I am not a fan of Zack Polanski, although there is no doubt he's an effective campaigner, and his party's win in Manchester is a feather in his cap. However, I think he's a populist of the left in the mould of Jeremy Corbyn, and I really don't see him ever being able to take on the role of prime minister. Hs heart is in the right place, but he's a deeply unserious person.
He admitted that he is a populist on Rory Stewart and Alastair Campbell's The Rest is Politics podcast a few months ago. In the YouTube video of the encounter, the first 30 seconds is a clip of Zack Polanski showing that he had no idea of the amount of interest Britain is paying on its debt mountain:
The whole interview is well over an hour but well worth watching if only to reveal what happens when somebody is confronted with reality rather that what they believe. It's obvious Polanski is well out of his depth.
He claimed that taxpayers had borrowed £70 billion from the Bank of England, arguing that the money was owed to the government itself and therefore it wasn't really a debt at all. In fact, the BoE holds between £850 billion and £1 trillion in gilts (UK government bonds), amounting to about a third of our total national debt of £2.9 trillion, on which we pay about £100 billion a year in debt interest.
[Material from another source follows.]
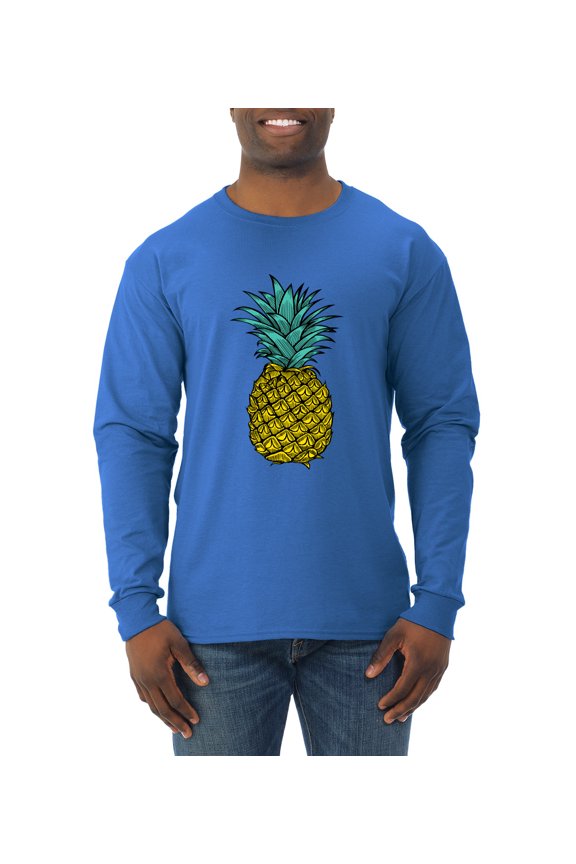 , Trendy Tropical Pineapple, Fashion, Men Long Sleeve Shirt, Royal, Small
He was orders of magnitude wrong.
Polanski also didn't seem to know the difference between the national debt and the deficit (the amount we add to it each year by borrowing more to make up the shortfall between spending and taxation).
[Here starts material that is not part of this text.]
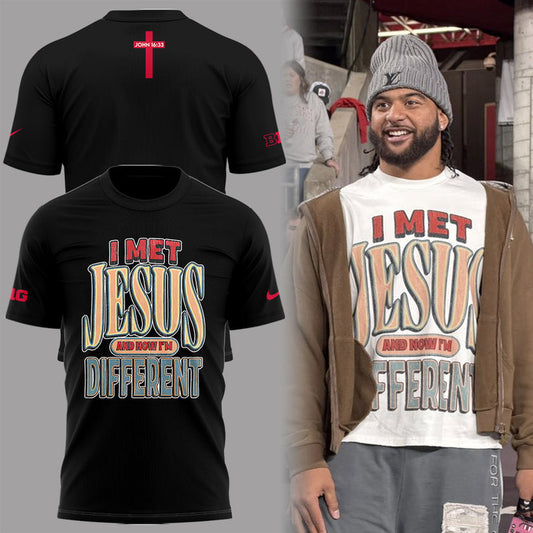 Back at Ohio State, J.T. Tuimoloau makes a statement in the ‘I MET JESUS AND NOW I’M DIFFERENT’ Ohio Football T-Shirt - Ohio State Buckeyes I Met Jesus T-Shirt Black - 100% Cotton, 2-Side Printed Shirt, Unisex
He is an adherent to Modern Monetary Theory where you just keep printing money and tried to convince Stewart that it's a serious proposition. I don't know enough about it to comment one way or the other but suffice to say most reputable economists, the Treasury, the OBR and the Institute for Fiscal Studies don't agree with him. Incidentally, of the 4,825 comments posted under the YouTube video, most are supportive of Polanski, which just shows how far we've come in denigrating experts in favour of comforting madcap theories..
If you were going to make a pitch for the highest office in the land, the very least we should expect is for the prospective candidates to educate themselves on basic economics. Polanski has risen to the top on a wave of populist rhetoric, and I really believe we deserve more. He says the markets shouldn't be allowed to play a role in democratic decisions, which is the Liz Truss approach, and we all know how that ended.
The really big loser was Kemi Badenoch and the Tories. They finished fourth on 706 votes and seem to have disappeared from the political scene in this country. We can all cheer that. I am sure tactical voting was at play here, showing just what an uphill battle it will be for Reform UK to achieve a significant majority at the next general election.
The Gorton and Denton result is, however, the clearest indication yet that the race is between two populist parties of the right and the left. Reform UK and the Greens got close to 70% of the vote while the two traditional parties won just 27%.
Voters, I'm sorry to say, aren't yet ready to listen to reason.